Ever since its release in macOS Sierra 10.12, I have been disparaging about the new Console app. It still, over eighteen months later, lacks most important features, but I have at last found its real strength: getting to the bottom of iOS problems.
I don’t write much about iOS here because it is so heavily locked down. The range of solutions to iOS problems is far smaller than for macOS, and you can’t do much in the way of diagnosis either. Or at least you can’t unless you use Console.
There are ways of getting iOS, watchOS, and even tvOS to make logarchives which you can transfer to your Mac and analyse there. Because all Apple’s operating systems use the same unified log system now, you can use the Mac’s tools to browse logs from any of them. Console provides interactive browsing, the
log command supplies raw power from Terminal, and you can use my free tools Consolation and Woodpile too.
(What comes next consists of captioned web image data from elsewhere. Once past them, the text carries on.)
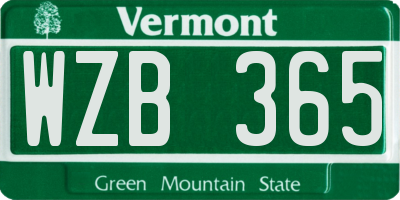 VT license plate WZB365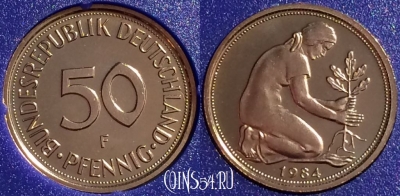 Германия 50 пфеннигов 1984 F, KM# 109, PROOF, 401o-063
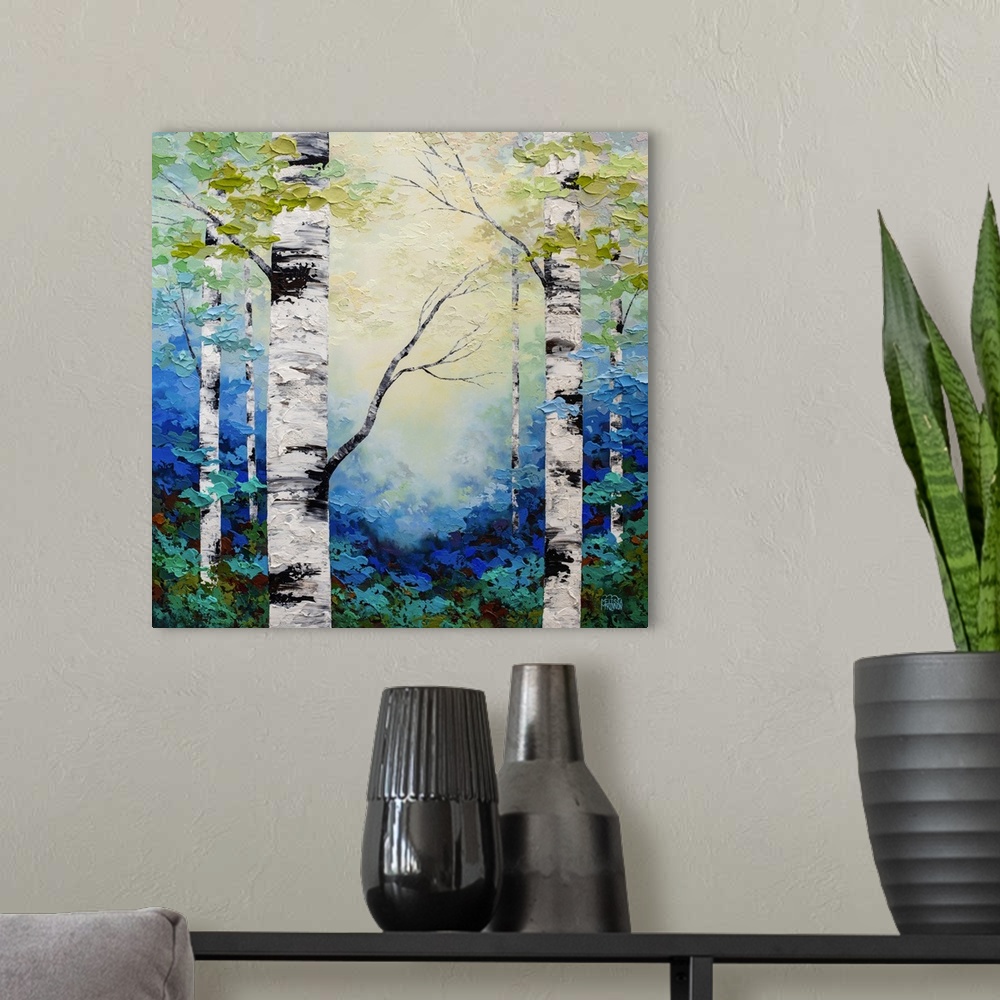 A modern room featuring Fine art textured painting of aspen trees and birch trees in sunlit forest Giclee art print on ca...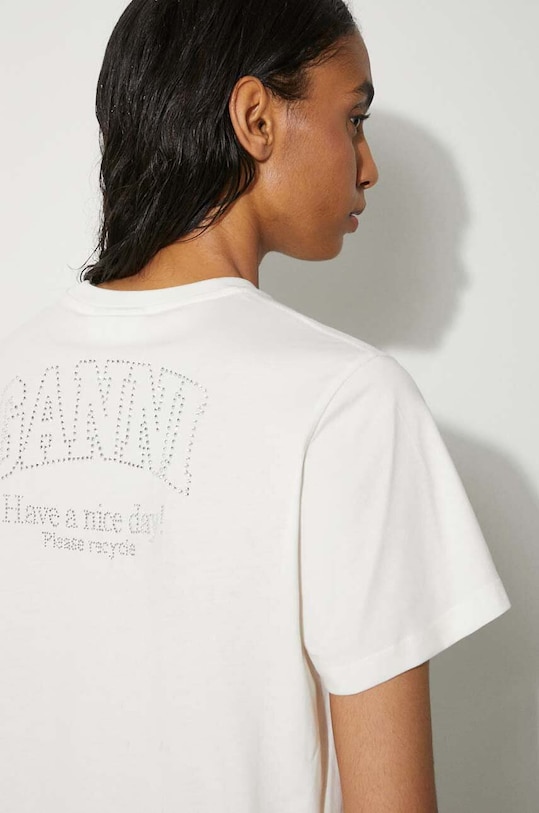Βαμβακερό μπλουζάκι GANNI Basic Jersey Rhinestone Relaxed T-shirt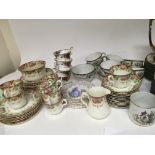 A collection of ceramics English porcelain tea set
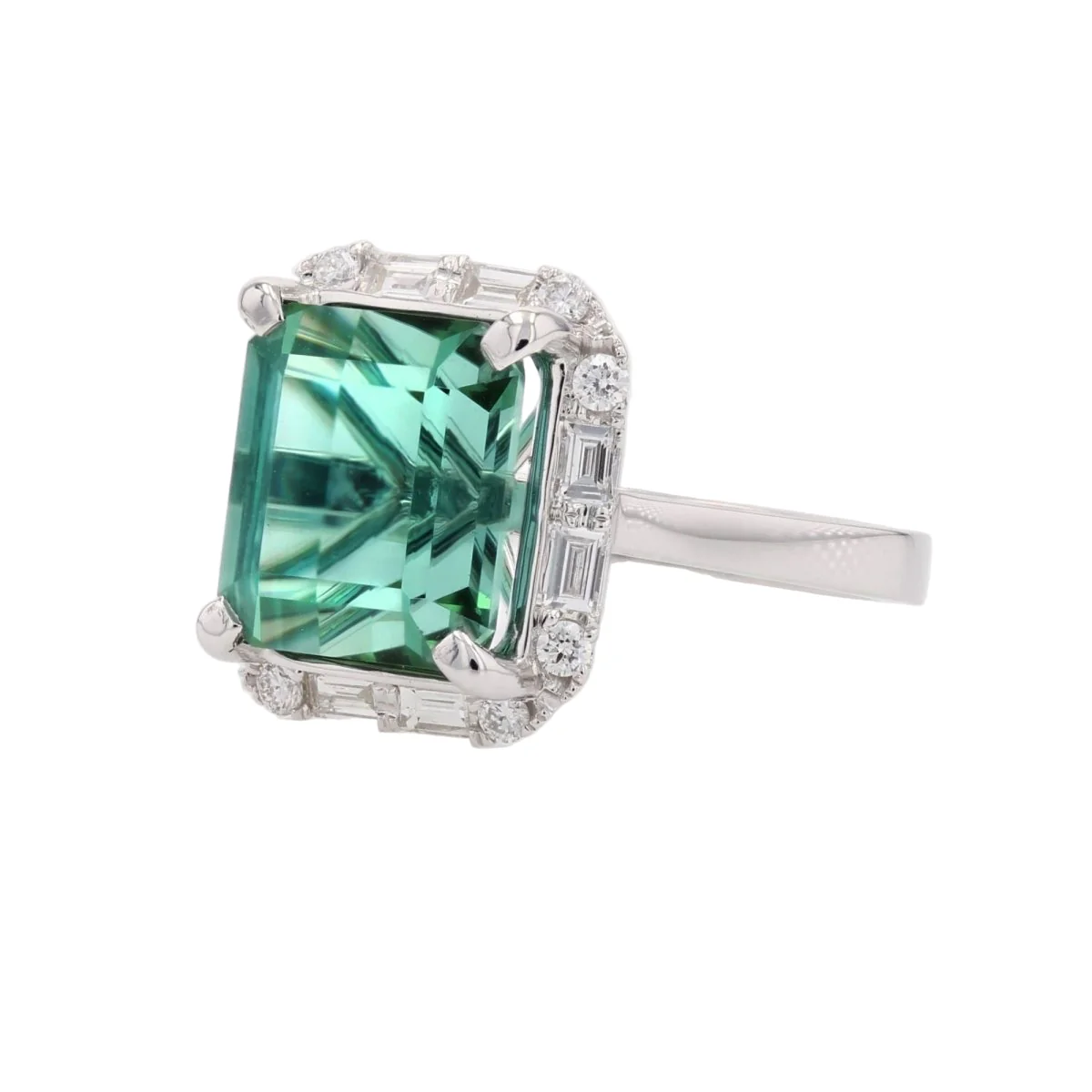 Bague Entourage en or blanc, tourmaline et diamants - Image 3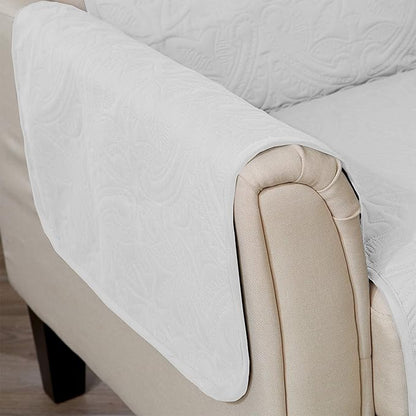 Great Bay Home Medallion Stitched Solid Furniture Protector Stain Resistant Durable Furniture Protector Elenor Collection (Loveseat, White/Sand)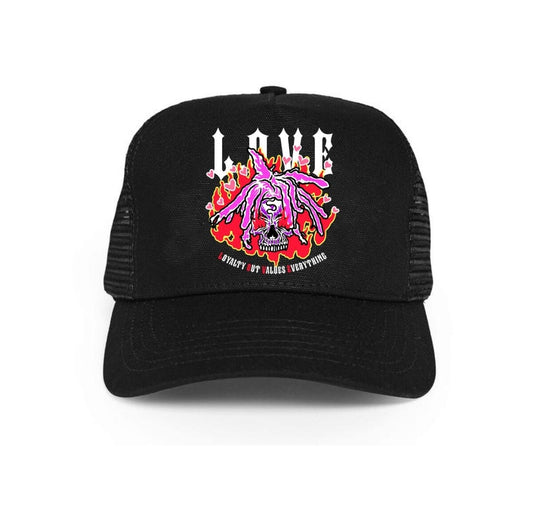 L.O.V.E Skull Hair Trucker Hat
But getting logs off these devices is not so simple.
What is simple is inspecting the live log on an iOS device using Console: hook the iPhone or iPad up using a USB cable, as if you were going to sync it using iTunes, and open Console on the Mac (Sierra and High Sierra only).
Connected devices should then appear in the sidebar at the left of Console’s window. Select the iPhone or iPad there, and you will be watching the log entries streaming from that device. Although my Watch is also listed in the screenshot, I was unable to obtain any log content from that; perhaps that has to be enabled separately.
If you’re accustomed to browsing your Mac’s logs, you’ll be familiar with the tools available in Console, and should be able to make broad sense of the entries. You’ll perhaps not be surprised at the many systems which are now common to both macOS and iOS.
This is particularly useful if you have a reproducible problem, such as an app freezing or failing to open. Hook up, open Console, then perform whatever manoeuvre triggers the problem.
Just as with macOS logs, Console doesn’t give any access to log entries before the iOS device is connected: you can’t use it to look at what just happened. If you need to do that, you’ll need to force the device to run
sysdiagnose, which includes a bundled logarchive, and work out how to transfer that to your Mac. Apple provides full instructions here, although you may find that you need a paid-up developer account to access them, I’m afraid.
I hope that you find your iOS logs as valuable as those in macOS.